__Caption-style text data__.
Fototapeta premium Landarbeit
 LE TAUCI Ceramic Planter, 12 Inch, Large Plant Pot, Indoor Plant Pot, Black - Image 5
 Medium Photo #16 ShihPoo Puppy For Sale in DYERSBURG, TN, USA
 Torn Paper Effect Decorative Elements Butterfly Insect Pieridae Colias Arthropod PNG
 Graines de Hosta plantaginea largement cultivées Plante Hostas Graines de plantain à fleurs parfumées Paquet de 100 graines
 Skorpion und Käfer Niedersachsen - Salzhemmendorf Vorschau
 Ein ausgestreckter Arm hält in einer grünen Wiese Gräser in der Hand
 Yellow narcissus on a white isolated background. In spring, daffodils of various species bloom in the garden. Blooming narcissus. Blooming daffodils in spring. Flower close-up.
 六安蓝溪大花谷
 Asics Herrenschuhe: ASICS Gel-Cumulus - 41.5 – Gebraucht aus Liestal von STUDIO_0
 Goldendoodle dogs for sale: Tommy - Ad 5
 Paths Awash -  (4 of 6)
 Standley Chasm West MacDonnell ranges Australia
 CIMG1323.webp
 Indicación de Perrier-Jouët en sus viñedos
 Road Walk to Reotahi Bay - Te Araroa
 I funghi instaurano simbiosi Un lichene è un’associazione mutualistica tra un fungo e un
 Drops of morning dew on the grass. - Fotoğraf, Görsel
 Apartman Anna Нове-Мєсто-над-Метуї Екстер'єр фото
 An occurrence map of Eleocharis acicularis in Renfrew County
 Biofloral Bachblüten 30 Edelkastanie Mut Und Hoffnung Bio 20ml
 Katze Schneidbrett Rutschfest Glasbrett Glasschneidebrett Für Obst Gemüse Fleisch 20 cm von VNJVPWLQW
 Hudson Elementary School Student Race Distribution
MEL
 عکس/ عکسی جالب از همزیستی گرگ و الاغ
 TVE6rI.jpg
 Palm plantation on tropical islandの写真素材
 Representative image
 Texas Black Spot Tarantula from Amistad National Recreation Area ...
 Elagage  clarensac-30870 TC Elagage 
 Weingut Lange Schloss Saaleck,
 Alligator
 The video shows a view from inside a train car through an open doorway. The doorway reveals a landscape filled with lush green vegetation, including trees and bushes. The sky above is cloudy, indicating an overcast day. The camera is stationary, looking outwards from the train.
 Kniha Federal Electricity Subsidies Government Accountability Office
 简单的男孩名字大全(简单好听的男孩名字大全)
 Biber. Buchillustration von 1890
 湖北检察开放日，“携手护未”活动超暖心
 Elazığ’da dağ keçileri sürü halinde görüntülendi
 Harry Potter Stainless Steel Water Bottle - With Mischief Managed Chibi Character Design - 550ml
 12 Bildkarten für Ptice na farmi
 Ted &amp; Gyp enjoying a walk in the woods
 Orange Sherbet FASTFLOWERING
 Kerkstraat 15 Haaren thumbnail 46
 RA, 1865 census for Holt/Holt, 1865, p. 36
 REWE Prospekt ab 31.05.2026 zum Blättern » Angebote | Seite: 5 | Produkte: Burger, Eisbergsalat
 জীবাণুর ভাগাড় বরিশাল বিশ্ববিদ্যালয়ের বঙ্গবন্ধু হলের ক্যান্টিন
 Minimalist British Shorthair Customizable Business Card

__Problem requirements__. Look above for the line containing "The video shows". Output from there through the line containing "জীবাণুর ভাগাড় বরিশাল", exactly and inclusively.

__Completed exercise__.
 The video shows a view from inside a train car through an open doorway. The doorway reveals a landscape filled with lush green vegetation, including trees and bushes. The sky above is cloudy, indicating an overcast day. The camera is stationary, looking outwards from the train.
 Kniha Federal Electricity Subsidies Government Accountability Office
 简单的男孩名字大全(简单好听的男孩名字大全)
 Biber. Buchillustration von 1890
 湖北检察开放日，“携手护未”活动超暖心
 Elazığ’da dağ keçileri sürü halinde görüntülendi
 Harry Potter Stainless Steel Water Bottle - With Mischief Managed Chibi Character Design - 550ml
 12 Bildkarten für Ptice na farmi
 Ted &amp; Gyp enjoying a walk in the woods
 Orange Sherbet FASTFLOWERING
 Kerkstraat 15 Haaren thumbnail 46
 RA, 1865 census for Holt/Holt, 1865, p. 36
 REWE Prospekt ab 31.05.2026 zum Blättern » Angebote | Seite: 5 | Produkte: Burger, Eisbergsalat
 জীবাণুর ভাগাড় বরিশাল বিশ্ববিদ্যালয়ের বঙ্গবন্ধু হলের ক্যান্টিন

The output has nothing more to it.